>>>>
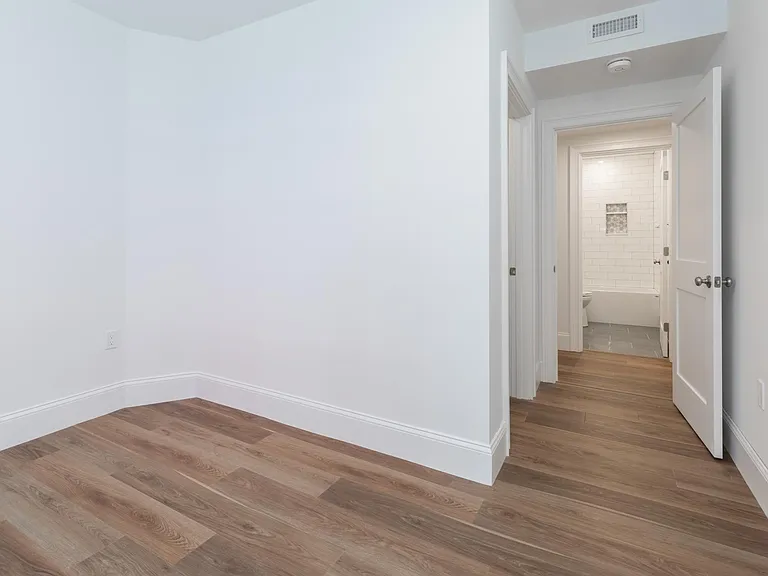143 E Cottage St #1 — Photo 15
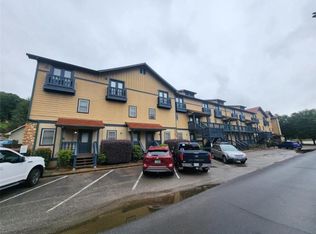 26 Midway St #205-202, Helen, GA 30545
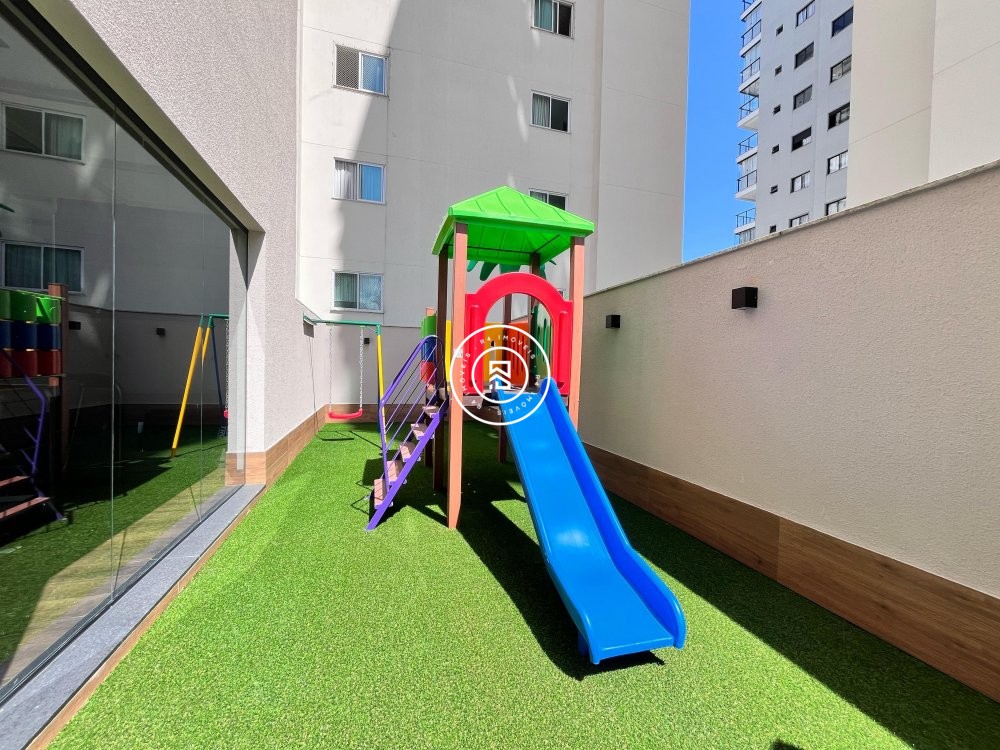 Apto finamente mobiliado na Meia Praia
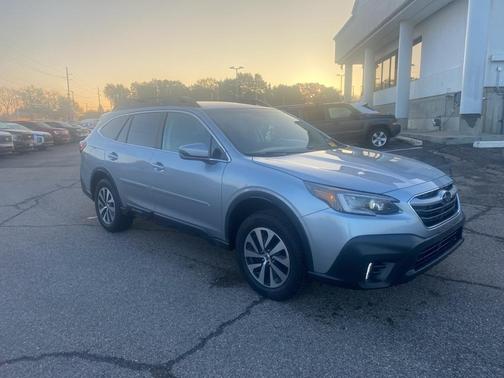 2021 Subaru Outback Premium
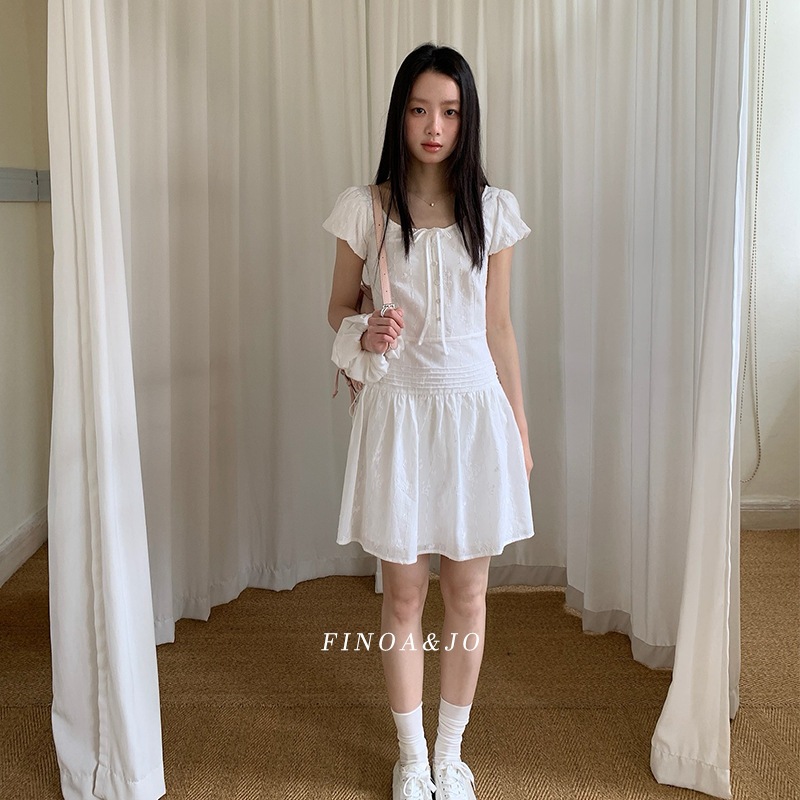 韓国風のナチュラル刺繍のハイエンドティーウェア細見えウエストシェイプドレス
<<<<
- Goal of the exercise -
A picture must not appear in the copy. Transcribe exactly the lines from the one with "26 Midway St #205-202, Helen, GA 30545" through the final line of the entries, both included, and no more.

- Your solution -
 26 Midway St #205-202, Helen, GA 30545
 Apto finamente mobiliado na Meia Praia
 2021 Subaru Outback Premium
 韓国風のナチュラル刺繍のハイエンドティーウェア細見えウエストシェイプドレス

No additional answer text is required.